I brought these chicks home February 21.
By last week they had outgrown their dog crate and needed to get out into the chicken house. I left them in the crate in the chicken house for a few days, hoping that would help the big chickens accept them. I checked on them the first night out of the crate and saw them roosting on top of it.
I took the dog crate out today because they are now roosting on the perches. Here are their two-month-old portraits.
I need to find some names. So far this is White Chicken.
They are actually fairly tame since I’ve been handling them since the first day. Brown Chicken was very interested in my phone and kept pecking at it.
The other day when I was feeding the chickens one of them walked out the door of the chicken house. I decided to leave the door open and let them all out. My chickens have lived in a chicken house for years because a neighbor complained about them tearing up her garden. Now I realize that this was many years ago which meant it was a completely different batch of chickens. (And that batch of chickens gave new meaning to the term free range–they had a lot of traveling to do to get to that neighbor’s place when I have a perfectly good barnyard full of bugs here.) Those chickens also used to roost on my feeders, making a big mess that I was not sorry to get rid of. So that batch of chickens set the chicken-housing standard here….with one exception that I’ll get to later.

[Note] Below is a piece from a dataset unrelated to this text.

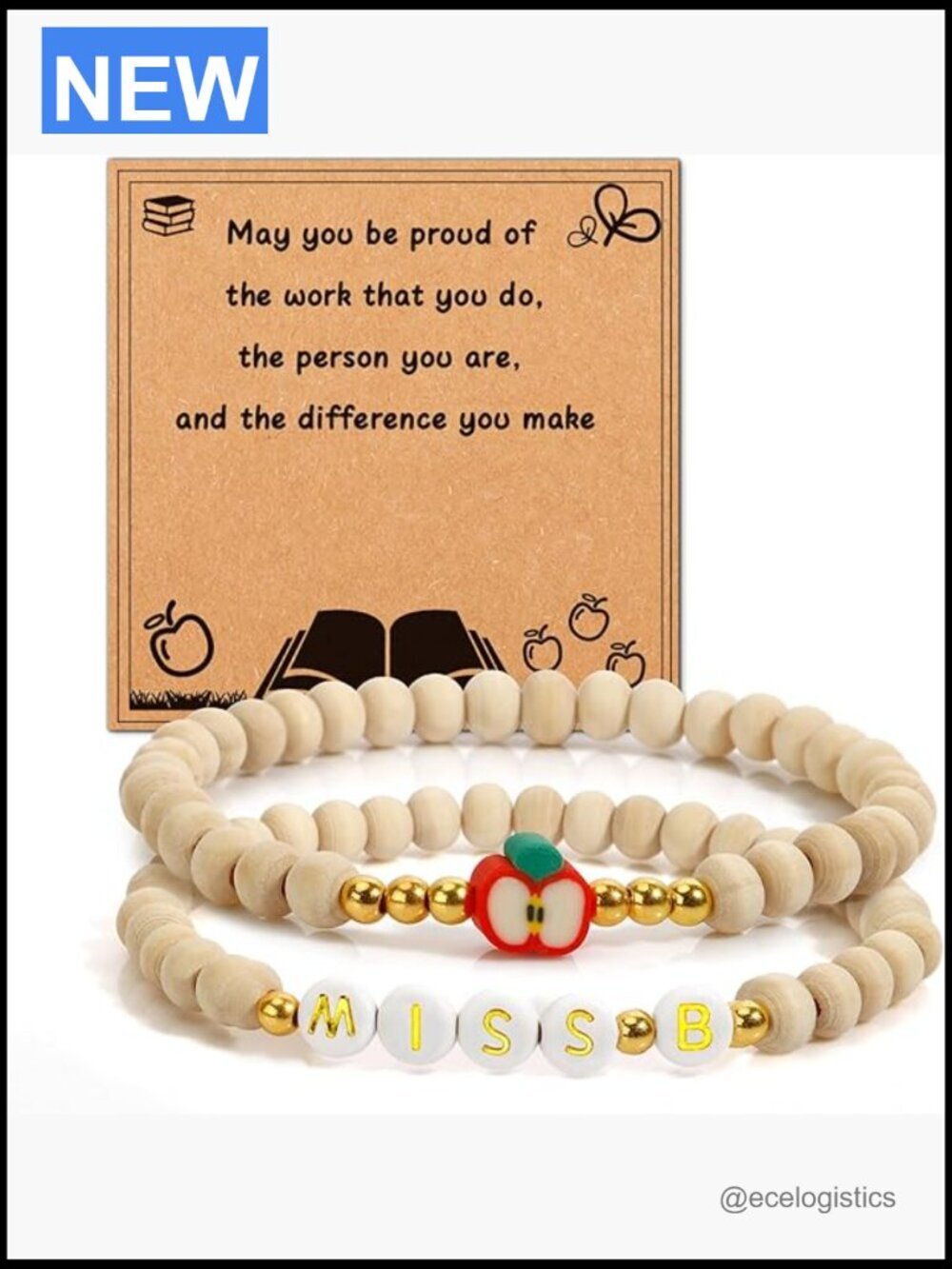 Teacher Appreciation Thank You Gift Wooden Bead Bracelet Gift for Her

When Goldie (the tamest of the current batch and the only one with a name) walked out the door I had a revelation. If I could get them to go to the sheep part of the barn and eat bugs and maggots they would definitely earn a soft spot in my heart and I wouldn’t have to spend as much on chicken food.
Guess which one is Goldie?
Somebody was not happy about this. Rusty was already having a tough morning with the hot air balloons overhead. Now the chickens were in the wrong place and he didn’t know what to do. Read Rusty’s blog for his opinion about this.
I wasn’t sure if the chickens had found their way under the gate into the barn. Yesterday I made sure to entice them that way with a few bits of grain. I did the same today and watched as they scratched into old hay and manure. I watched closely and was satisfied to see them go for the wiggly maggots under the straw. Good chickens.
I think that Rusty might be happier about the whole thing tonight. When I closed the door on the chicken house one chicken was missing. I saw her on the other side of a fence and she didn’t know how to get back.
Feeling better about the whole thing now, Rusty?
I was just rereading this for errors and realized that I hadn’t yet explained the one exception to the chicken-house chickens. We used to have 2 banties who were loose in the barn. There is one left. This is an OLD chicken. She was around during the years when my daughter had her horses and cows here and she left for college in 2006. Every year she starts laying in the hay and I put her eggs in a rubber tub so that I can move her if I have to move the hay.
Don’t get excited about babies. There is no rooster.